INPUT DATA:
►
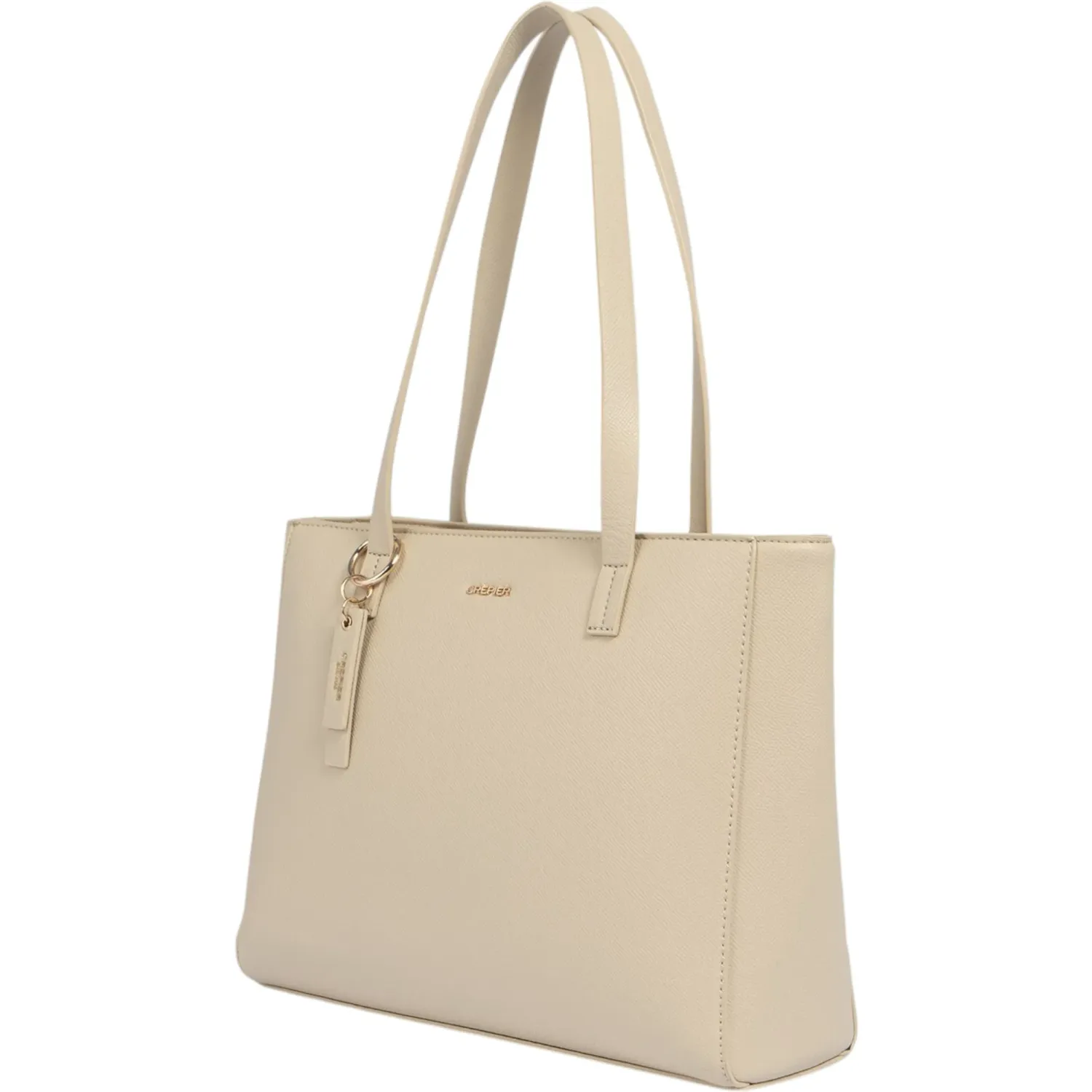Tote Crepier Mujer Cosima Grande color beige | Platanitos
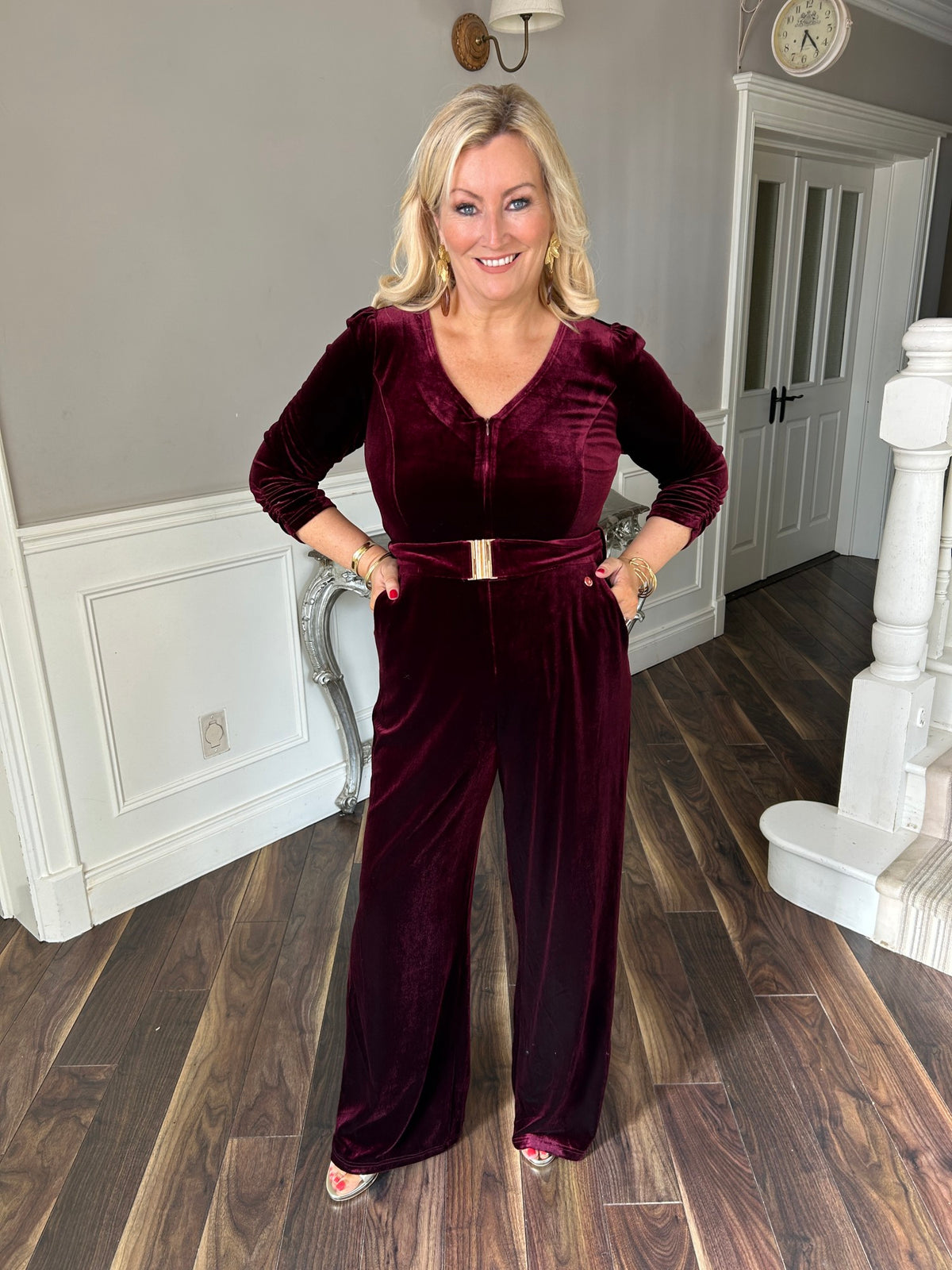 Farrah Jumpsuit Plum - Image 3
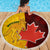 Australia And Canada Soccer Beach Blanket Matildas Combine Canucks Together - Wonder Print Shop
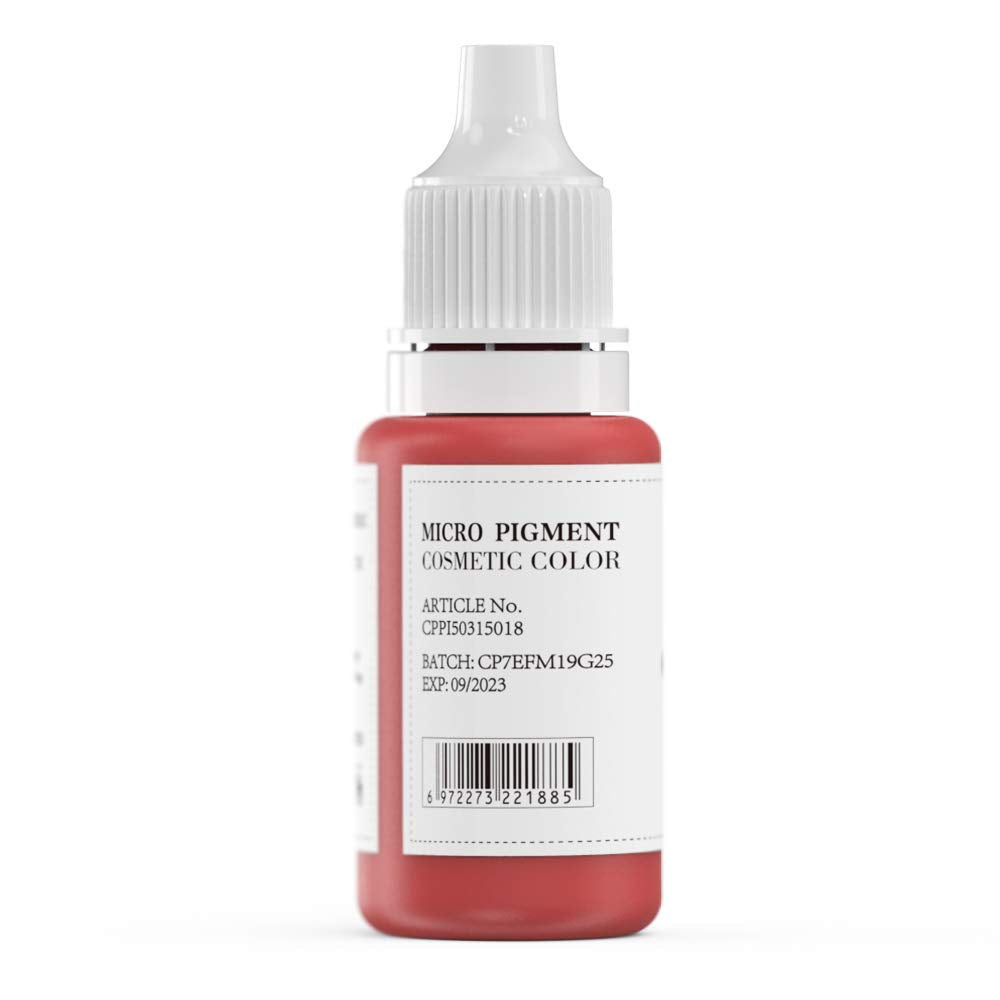 Lip and eyeliner application using Charme Princesse flesh color pigment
◄
Give every line of the data above again as it stands; the pictures stay out.

RESPONSE:
Tote Crepier Mujer Cosima Grande color beige | Platanitos
 Farrah Jumpsuit Plum - Image 3
 Australia And Canada Soccer Beach Blanket Matildas Combine Canucks Together - Wonder Print Shop
 Lip and eyeliner application using Charme Princesse flesh color pigment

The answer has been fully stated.